A tomada de decisões baseada em machine learning tem ganhado cada vez mais espaço. A justificativa é que a técnica permite descobrir padrões complexos em dados que passariam despercebidos de outra forma, e assim as conclusões geradas tendem a gerar decisões melhor informadas. Mas quando essas decisões envolvem pessoas – como no caso de processos de seleção para universidades ou empregos, consultoria financeira, no sistema de justiça e até no aconselhamento de políticas públicas -, existe a preocupação de que os algoritmos estejam discriminando indivíduos de forma injusta. Não é que os algoritmos em si sejam capazes de introduzir vieses capazes de prejudicar um grupo de pessoas com base em determinantes sexuais, etnia, religião ou qualquer característica irrelevante, mas sim que eles estejam sendo treinados com bases de dados enviesadas, e dessa forma chegando a conclusões que não correspondem exatamente à realidade. As bases históricas usadas para treinar sistemas de recomendação usados em processos de seleção de pessoas, ainda mais por terem sido geradas no passado, podem incluir preconceitos, intencionais ou não, característicos de seu período. Se na base não existe uma pessoa com determinada característica selecionada anteriormente para determinado cargo, por exemplo, o algoritmo pode entender que aquela característica não é desejável para o cargo, e assim direcionar decisões que perpetuam a discriminação.
Curiosamente, a inteligência artificial pode ser uma aliada na resolução de seus próprios problemas. Buscando auxiliar nesse percalço, um time de pesquisadores da Universidade do Estado da Pensilvânia e da Universidade de Columbia, nos Estados Unidos, desenvolveu uma ferramenta – baseada em inteligência artificial – para detectar discriminação.

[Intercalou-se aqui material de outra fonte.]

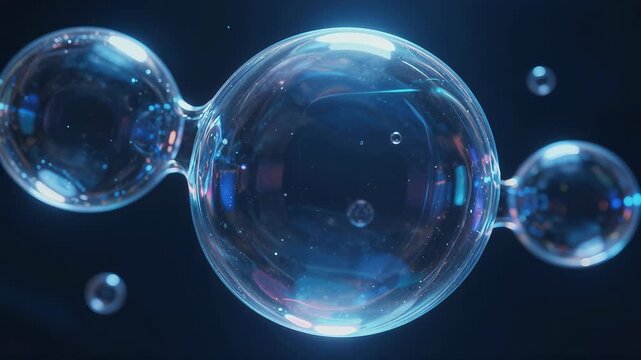 Floating Bubbles in a Dark Background Glimmering with Light Reflections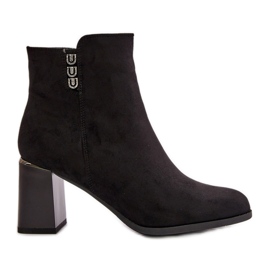 Isolierte Damenstiefel aus Öko-Wildleder mit hohem Absatz, mit Reißverschluss befestigt, schwarze Erillia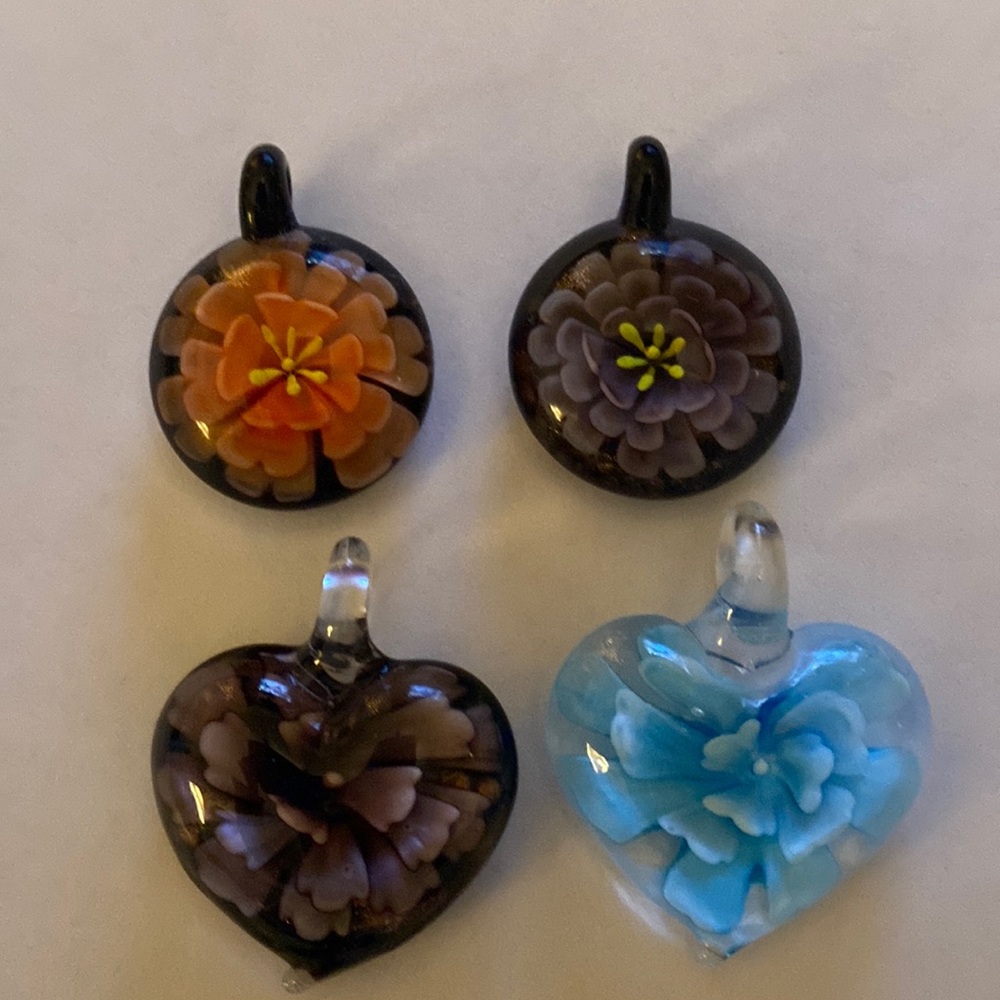 Glass Flower Charms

A abordagem usa o conceito da causalidade para determinar situações que podem indicar tratamento injusto no processo de seleção. Usando técnicas de inferência contrafactuais sofisticadas, o algoritmo reformula uma frase do tipo “essa característica está relacionada a essa classe” (num sistema de classificação, por exemplo) para “essa característica causa essa classe”. Assim, é possível investigar se essa relação de causa e efeito é verdadeira ou resultado do uso de uma base de dados enviesada.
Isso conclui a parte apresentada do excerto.